[Stored data]
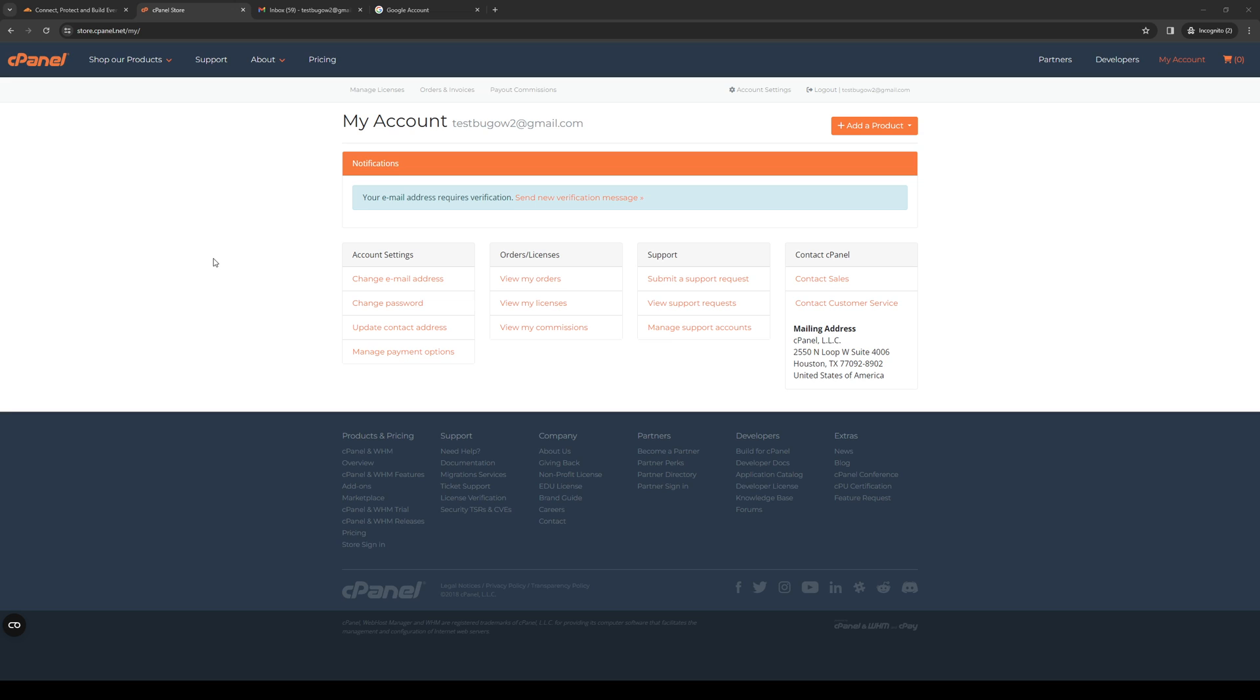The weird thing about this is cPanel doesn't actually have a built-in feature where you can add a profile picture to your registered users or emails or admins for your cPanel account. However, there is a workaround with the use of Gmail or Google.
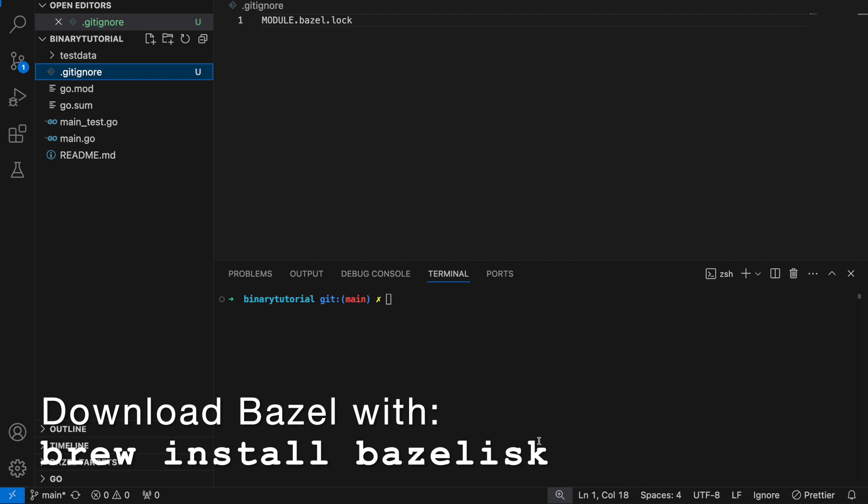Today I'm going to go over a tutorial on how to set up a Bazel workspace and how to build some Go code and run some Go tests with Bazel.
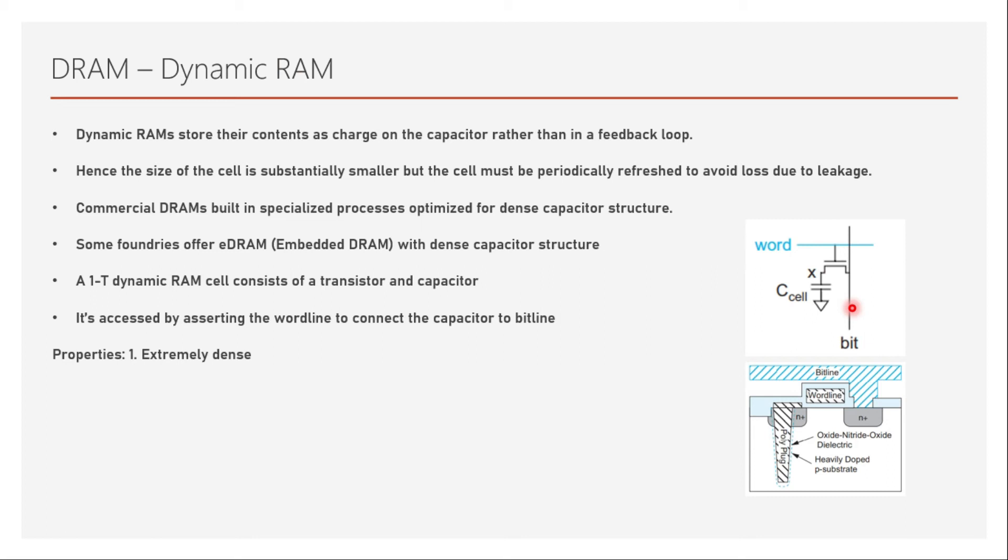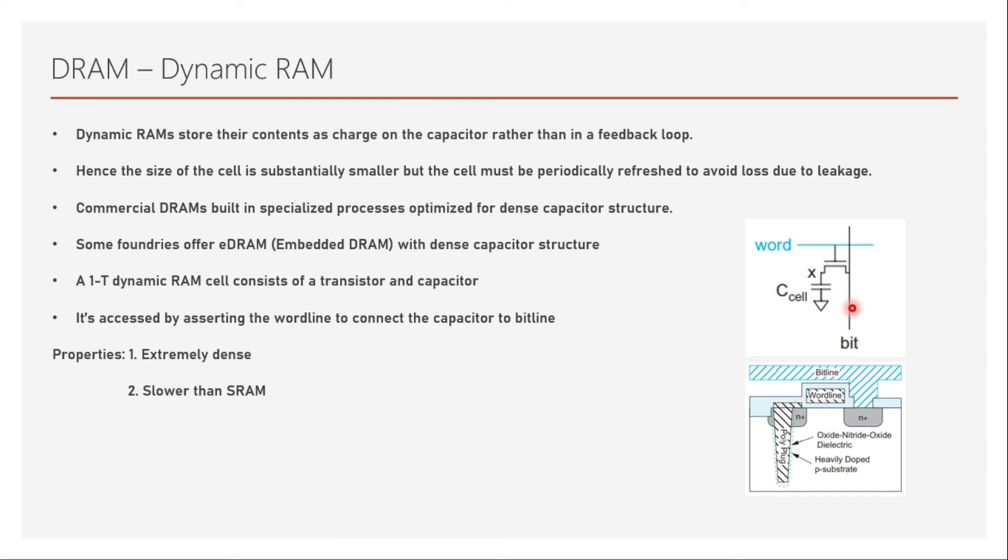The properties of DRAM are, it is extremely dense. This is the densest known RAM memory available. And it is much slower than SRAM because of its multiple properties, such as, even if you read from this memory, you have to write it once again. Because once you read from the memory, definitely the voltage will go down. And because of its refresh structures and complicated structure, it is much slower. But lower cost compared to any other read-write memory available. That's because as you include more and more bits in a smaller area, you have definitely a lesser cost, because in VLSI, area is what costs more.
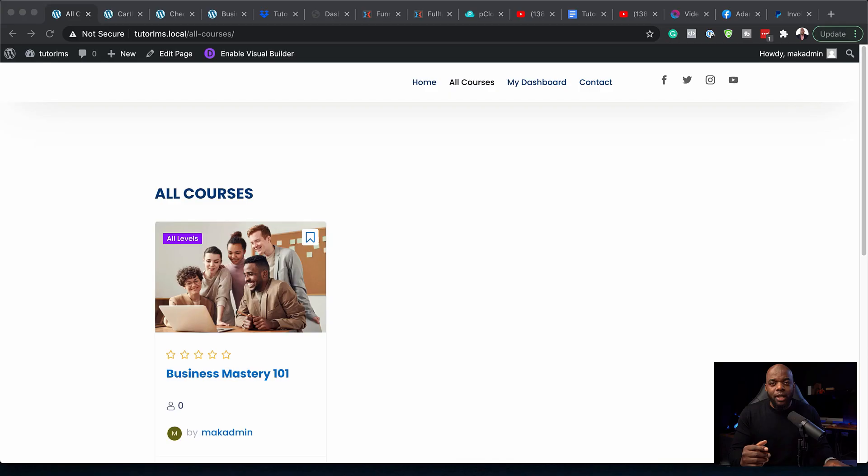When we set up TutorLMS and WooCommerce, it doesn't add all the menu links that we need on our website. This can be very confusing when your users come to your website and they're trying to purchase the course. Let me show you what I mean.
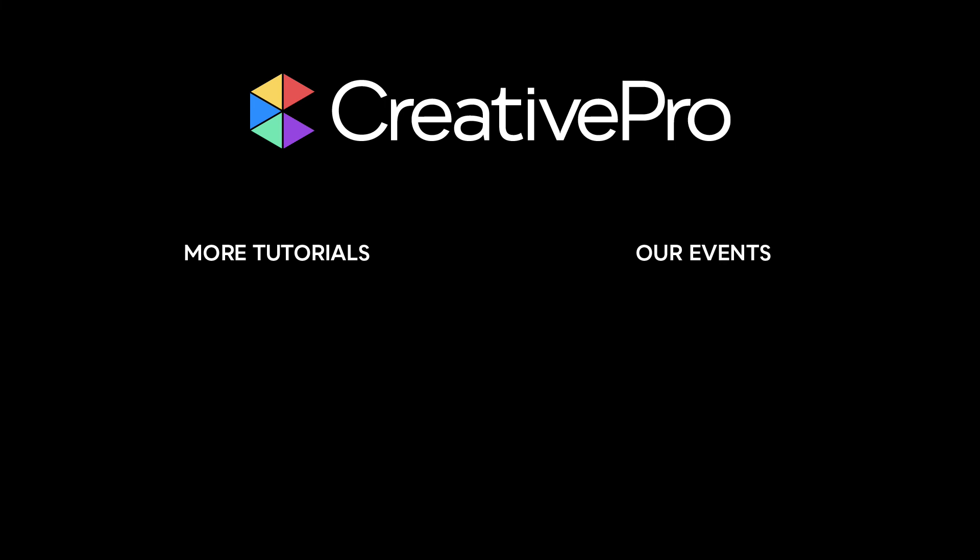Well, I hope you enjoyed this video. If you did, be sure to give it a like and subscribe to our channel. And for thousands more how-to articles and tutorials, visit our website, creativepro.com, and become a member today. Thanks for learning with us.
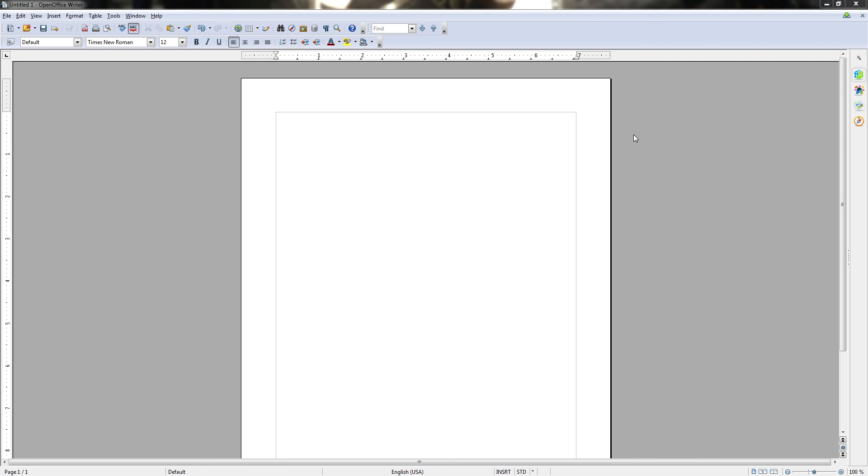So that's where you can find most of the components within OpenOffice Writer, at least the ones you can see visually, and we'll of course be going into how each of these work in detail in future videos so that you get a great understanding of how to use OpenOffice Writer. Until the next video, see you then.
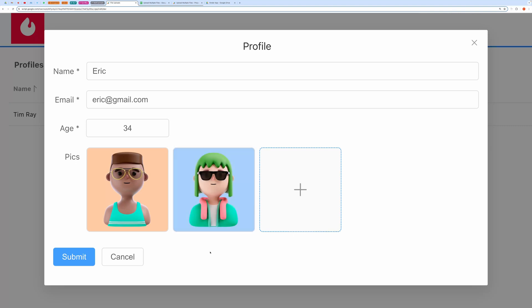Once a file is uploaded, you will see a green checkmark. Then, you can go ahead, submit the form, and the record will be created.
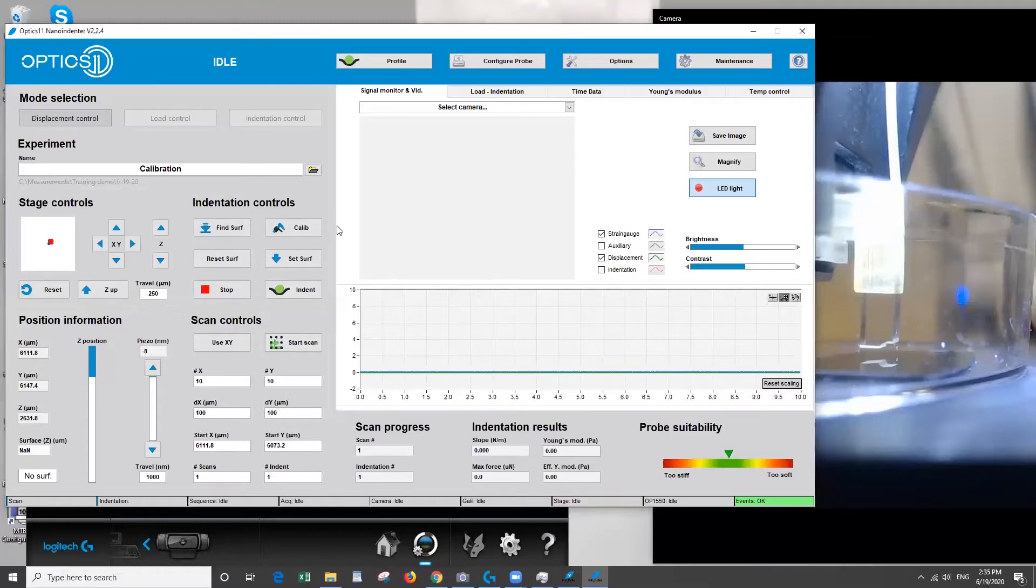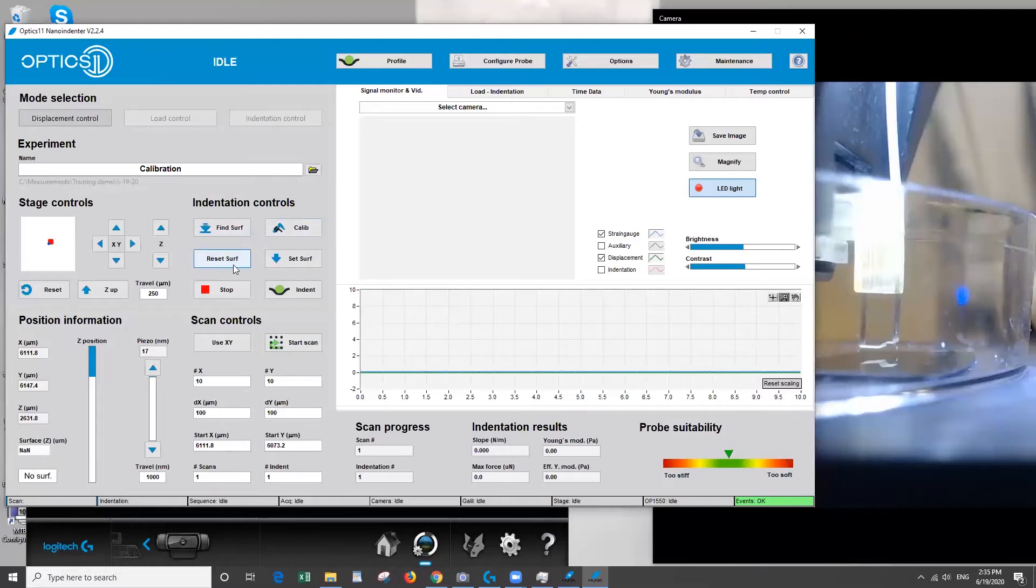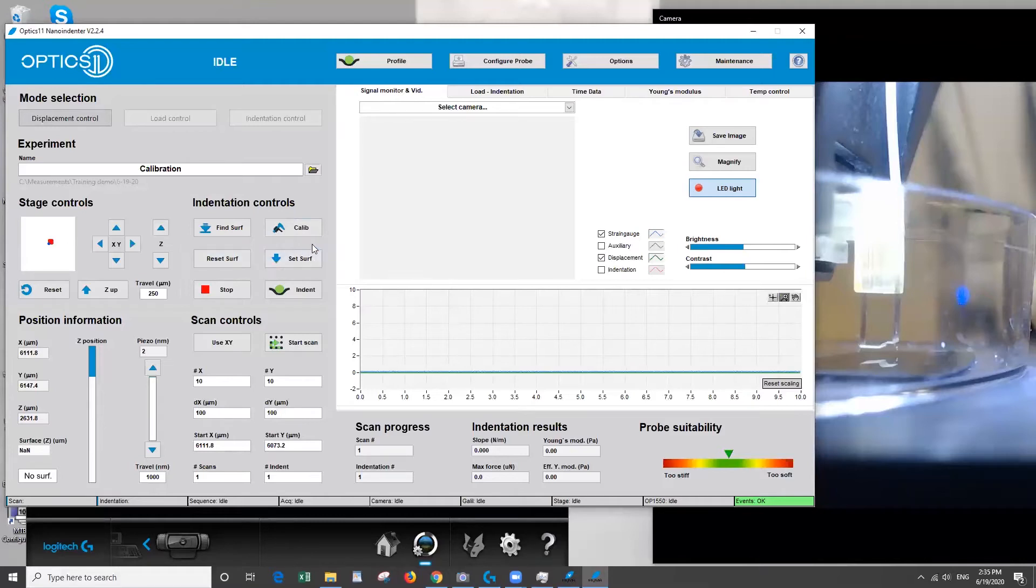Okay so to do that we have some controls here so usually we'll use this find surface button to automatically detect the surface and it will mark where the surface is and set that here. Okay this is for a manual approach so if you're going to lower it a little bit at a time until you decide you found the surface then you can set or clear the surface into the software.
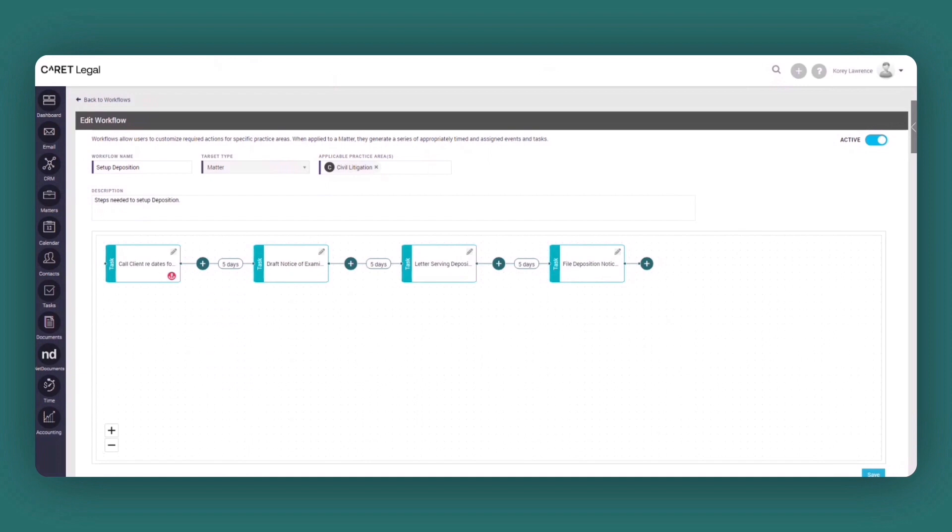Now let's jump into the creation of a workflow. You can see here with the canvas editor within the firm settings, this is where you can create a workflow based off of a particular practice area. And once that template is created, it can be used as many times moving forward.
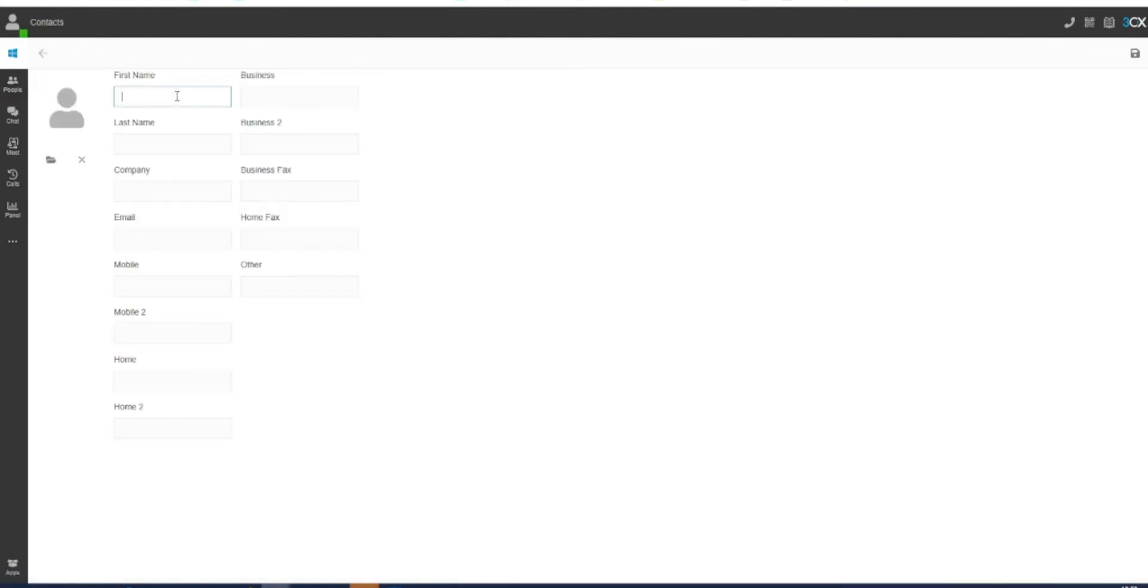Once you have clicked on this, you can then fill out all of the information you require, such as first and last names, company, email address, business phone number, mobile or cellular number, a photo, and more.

■ **What is being asked**
Leave the pictures out and output all of the data verbatim.

■ **Solved problem**
The weird thing about this is cPanel doesn't actually have a built-in feature where you can add a profile picture to your registered users or emails or admins for your cPanel account. However, there is a workaround with the use of Gmail or Google.
Today I'm going to go over a tutorial on how to set up a Bazel workspace and how to build some Go code and run some Go tests with Bazel.
The properties of DRAM are, it is extremely dense. This is the densest known RAM memory available. And it is much slower than SRAM because of its multiple properties, such as, even if you read from this memory, you have to write it once again. Because once you read from the memory, definitely the voltage will go down. And because of its refresh structures and complicated structure, it is much slower. But lower cost compared to any other read-write memory available. That's because as you include more and more bits in a smaller area, you have definitely a lesser cost, because in VLSI, area is what costs more.
When we set up TutorLMS and WooCommerce, it doesn't add all the menu links that we need on our website. This can be very confusing when your users come to your website and they're trying to purchase the course. Let me show you what I mean.
Well, I hope you enjoyed this video. If you did, be sure to give it a like and subscribe to our channel. And for thousands more how-to articles and tutorials, visit our website, creativepro.com, and become a member today. Thanks for learning with us.
So that's where you can find most of the components within OpenOffice Writer, at least the ones you can see visually, and we'll of course be going into how each of these work in detail in future videos so that you get a great understanding of how to use OpenOffice Writer. Until the next video, see you then.
Once a file is uploaded, you will see a green checkmark. Then, you can go ahead, submit the form, and the record will be created.
Okay so to do that we have some controls here so usually we'll use this find surface button to automatically detect the surface and it will mark where the surface is and set that here. Okay this is for a manual approach so if you're going to lower it a little bit at a time until you decide you found the surface then you can set or clear the surface into the software.
Now let's jump into the creation of a workflow. You can see here with the canvas editor within the firm settings, this is where you can create a workflow based off of a particular practice area. And once that template is created, it can be used as many times moving forward.
Once you have clicked on this, you can then fill out all of the information you require, such as first and last names, company, email address, business phone number, mobile or cellular number, a photo, and more.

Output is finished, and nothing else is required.